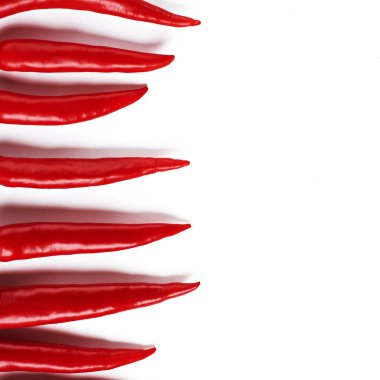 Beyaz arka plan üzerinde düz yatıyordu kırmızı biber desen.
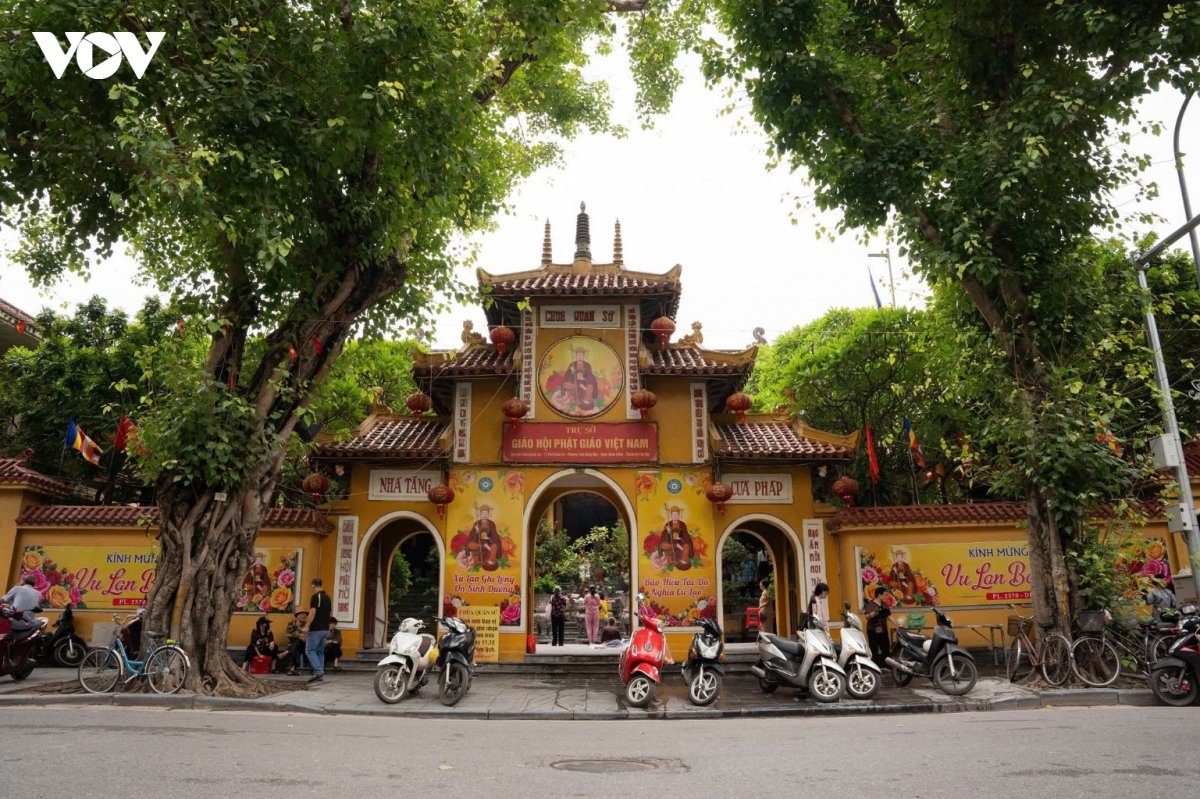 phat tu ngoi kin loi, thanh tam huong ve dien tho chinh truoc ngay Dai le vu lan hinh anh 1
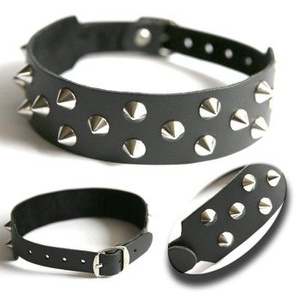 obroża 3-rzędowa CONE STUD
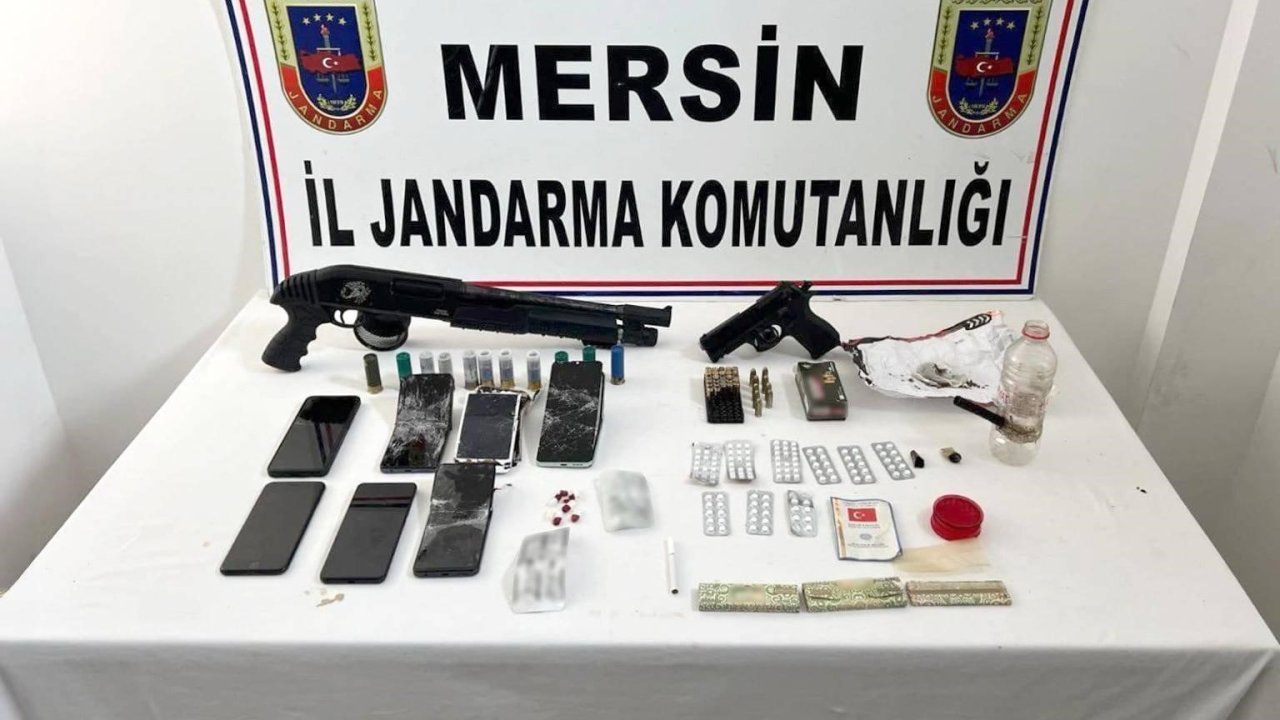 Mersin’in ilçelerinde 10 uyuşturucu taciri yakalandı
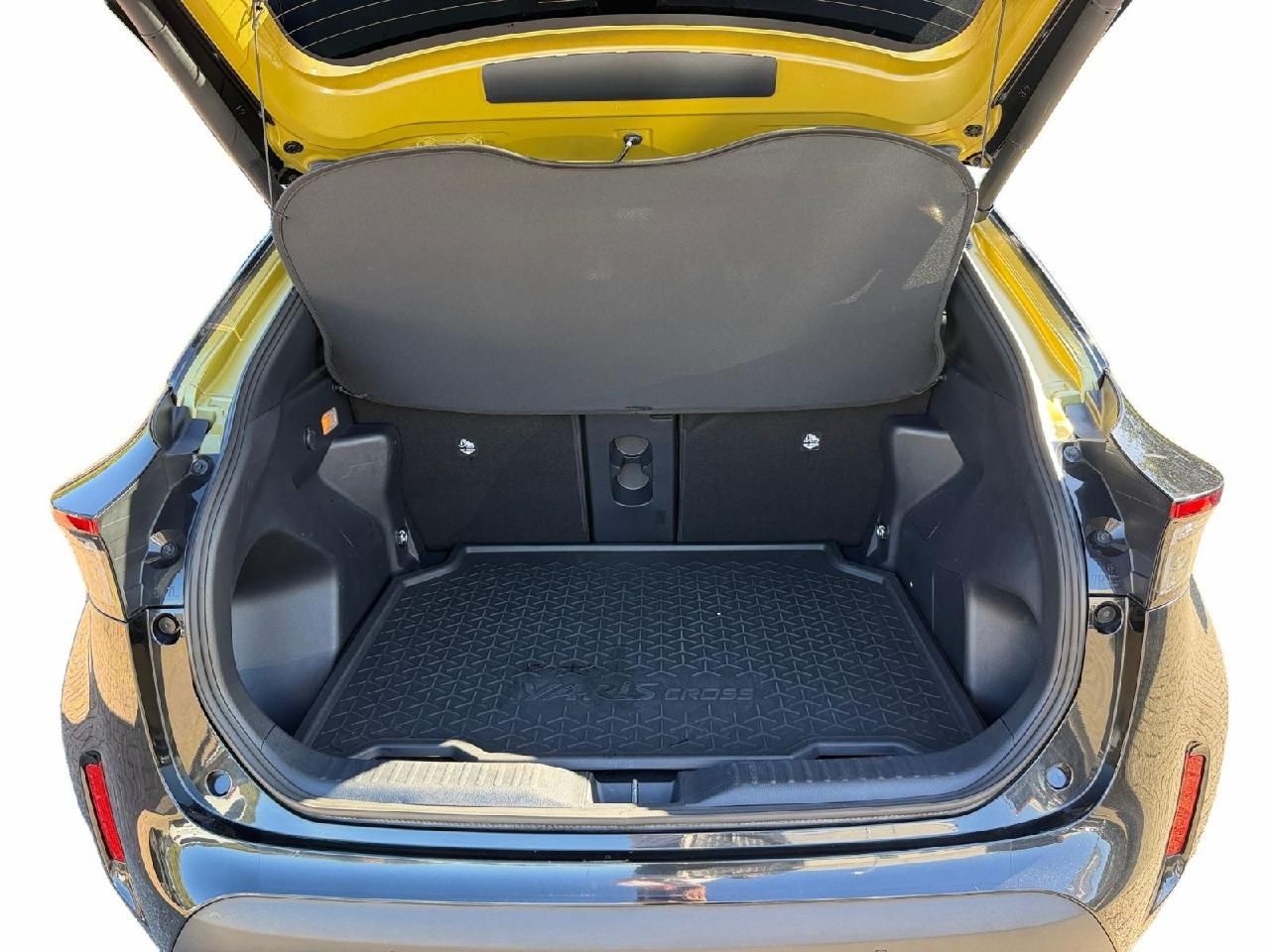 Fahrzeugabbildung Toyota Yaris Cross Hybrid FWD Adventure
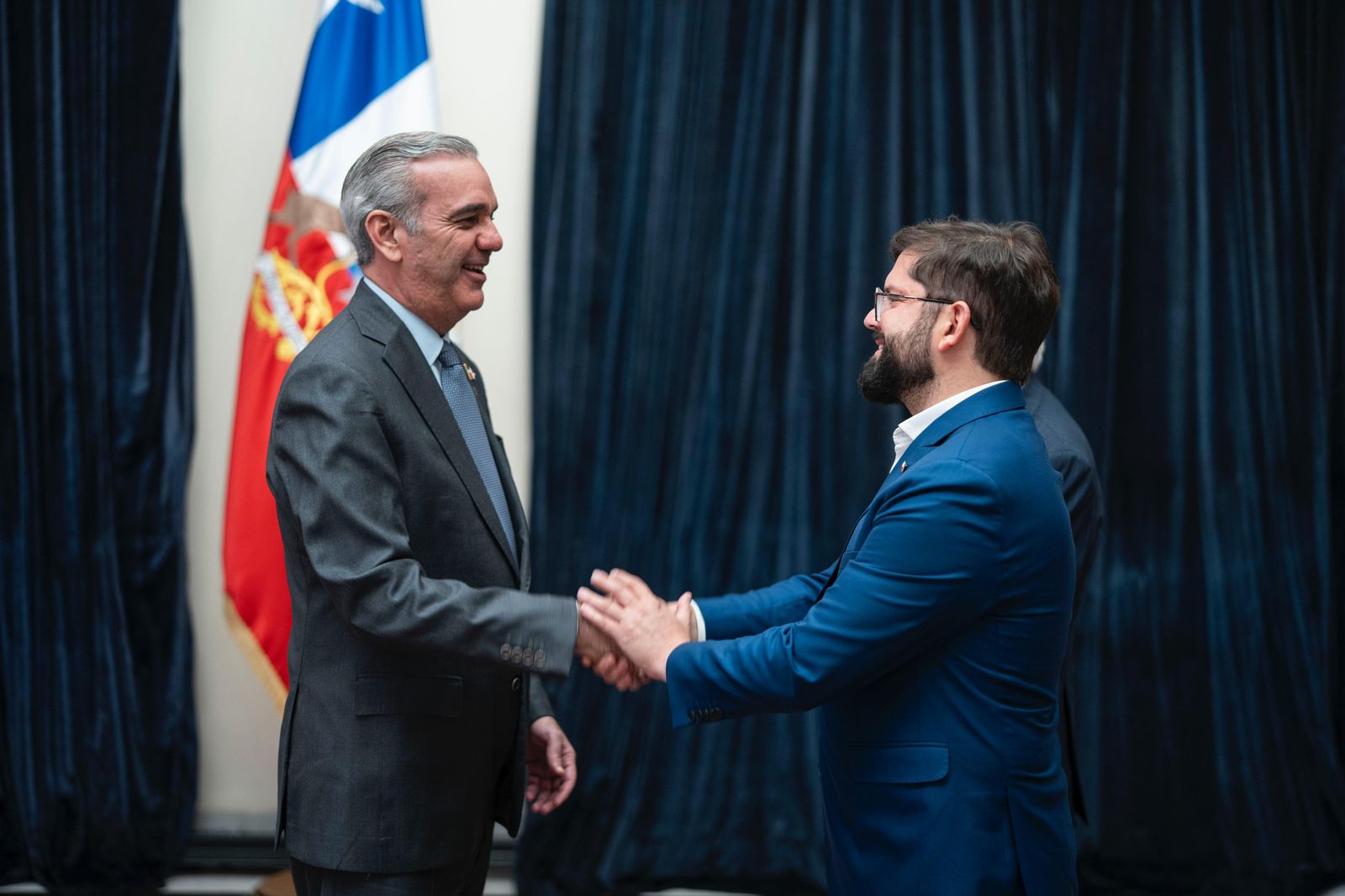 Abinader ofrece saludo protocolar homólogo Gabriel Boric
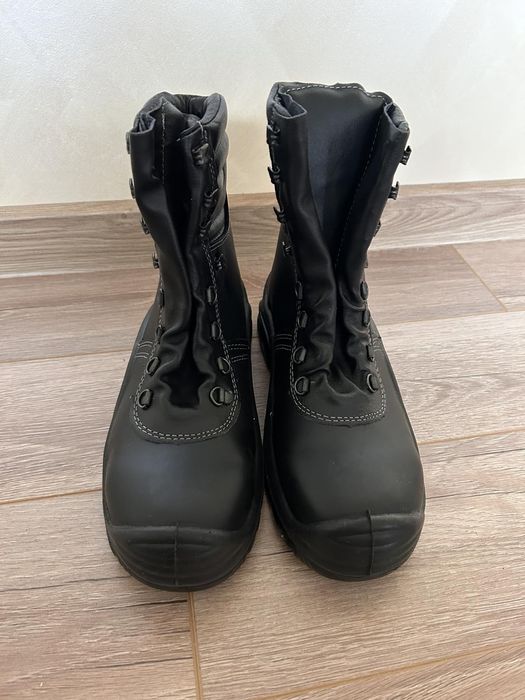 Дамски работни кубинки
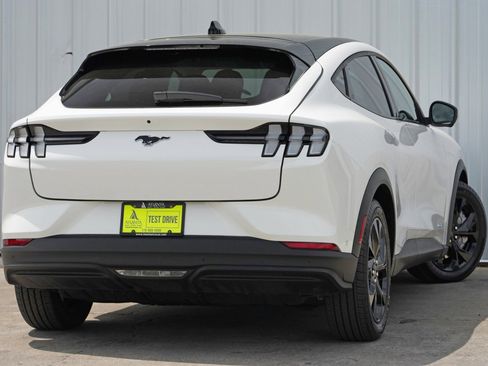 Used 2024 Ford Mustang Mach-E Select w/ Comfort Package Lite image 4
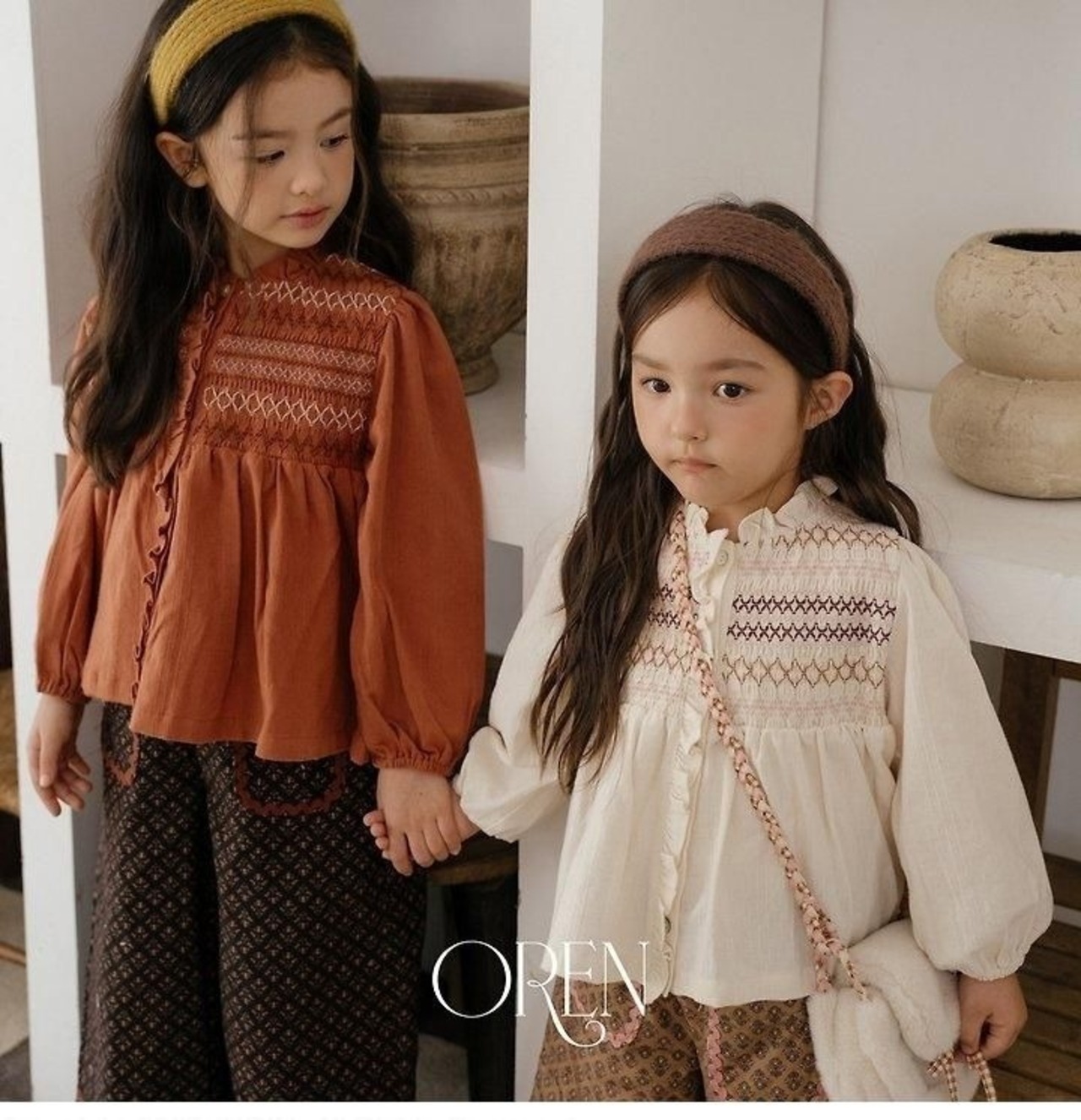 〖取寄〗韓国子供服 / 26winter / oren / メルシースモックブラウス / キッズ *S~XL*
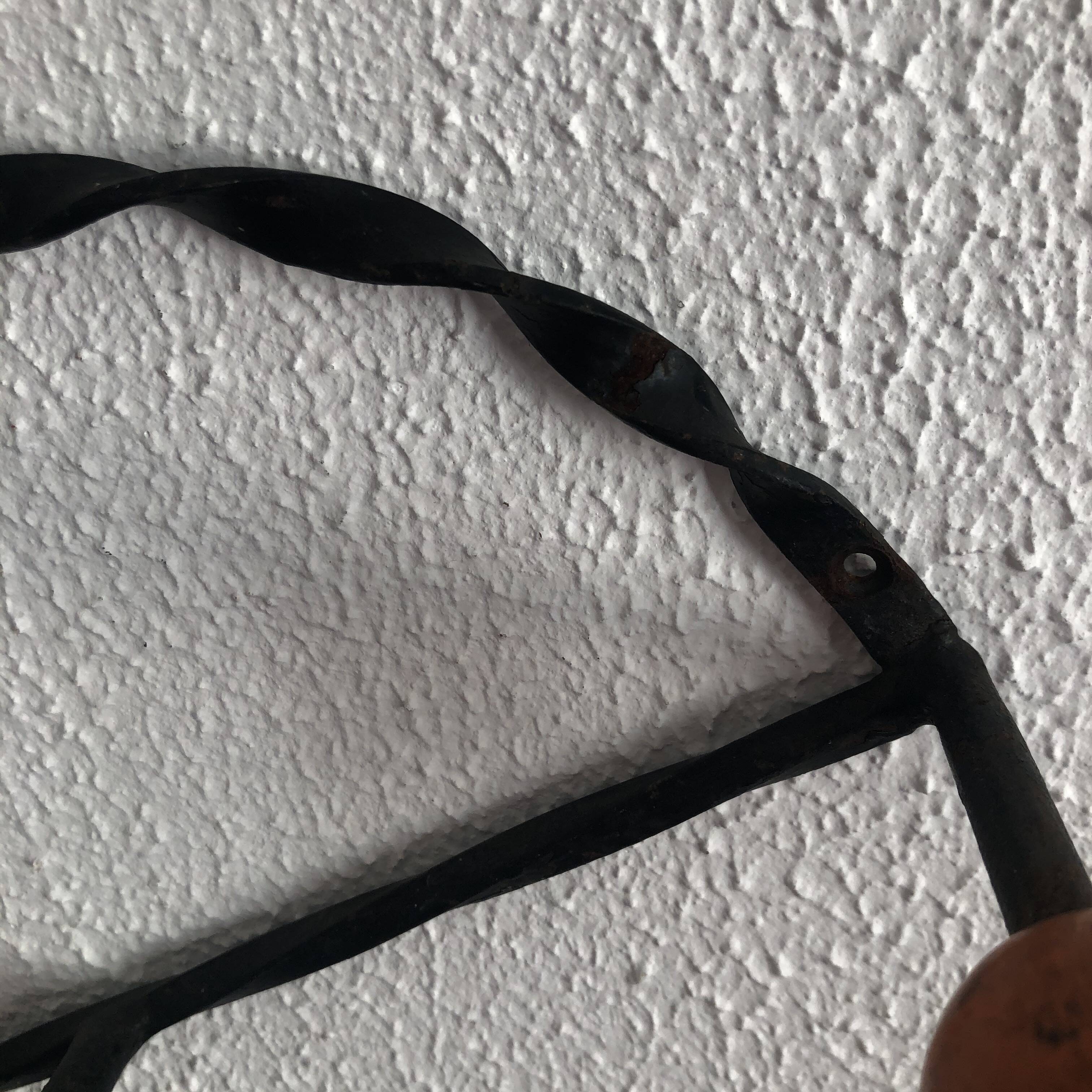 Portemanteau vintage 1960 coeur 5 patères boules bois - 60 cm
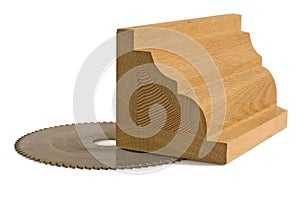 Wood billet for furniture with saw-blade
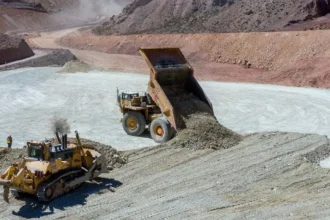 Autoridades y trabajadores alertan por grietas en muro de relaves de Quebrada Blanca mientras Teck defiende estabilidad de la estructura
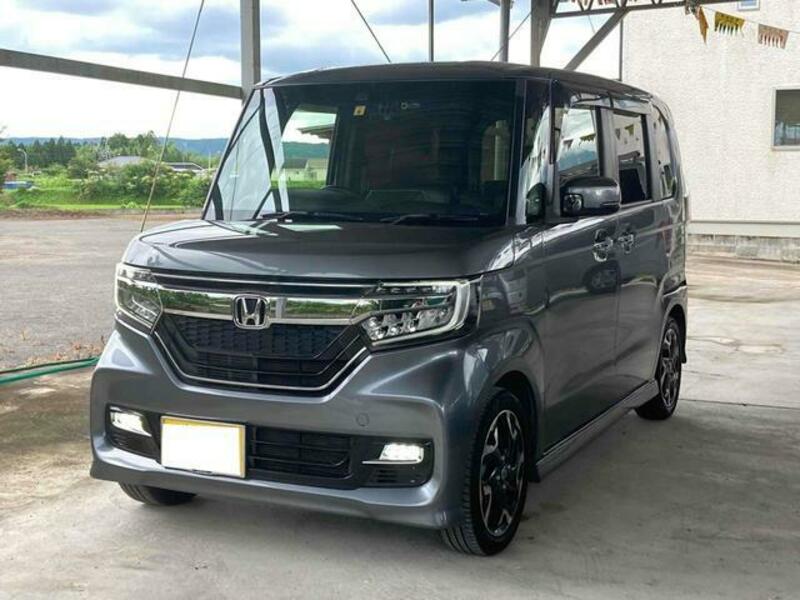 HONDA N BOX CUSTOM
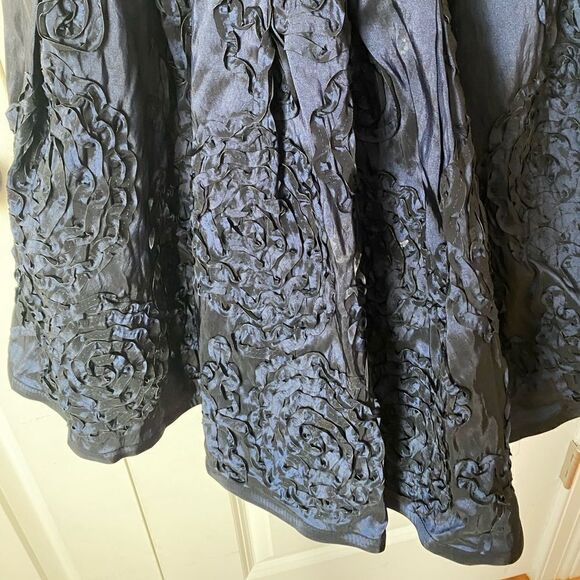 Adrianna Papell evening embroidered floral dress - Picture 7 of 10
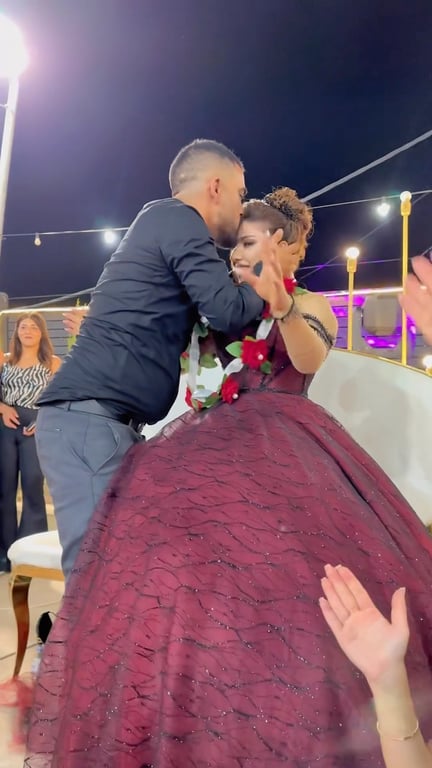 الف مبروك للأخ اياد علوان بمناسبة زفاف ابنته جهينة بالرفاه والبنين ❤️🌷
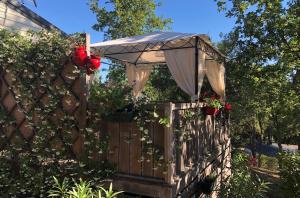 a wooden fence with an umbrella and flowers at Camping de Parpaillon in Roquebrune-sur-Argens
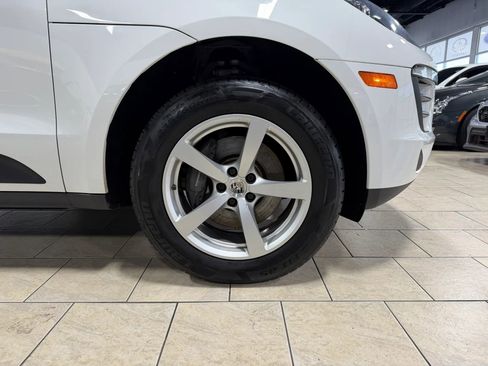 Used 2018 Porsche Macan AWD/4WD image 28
--------------------
Please reproduce the listing exactly from its opening line through the line that contains "Portemanteau vintage 1960", both included, with all pictures omitted.

 Beyaz arka plan üzerinde düz yatıyordu kırmızı biber desen.
 phat tu ngoi kin loi, thanh tam huong ve dien tho chinh truoc ngay Dai le vu lan hinh anh 1
 obroża 3-rzędowa CONE STUD
 Mersin’in ilçelerinde 10 uyuşturucu taciri yakalandı
 Fahrzeugabbildung Toyota Yaris Cross Hybrid FWD Adventure
 Abinader ofrece saludo protocolar homólogo Gabriel Boric
 Дамски работни кубинки
 Used 2024 Ford Mustang Mach-E Select w/ Comfort Package Lite image 4
 〖取寄〗韓国子供服 / 26winter / oren / メルシースモックブラウス / キッズ *S~XL*
 Portemanteau vintage 1960 coeur 5 patères boules bois - 60 cm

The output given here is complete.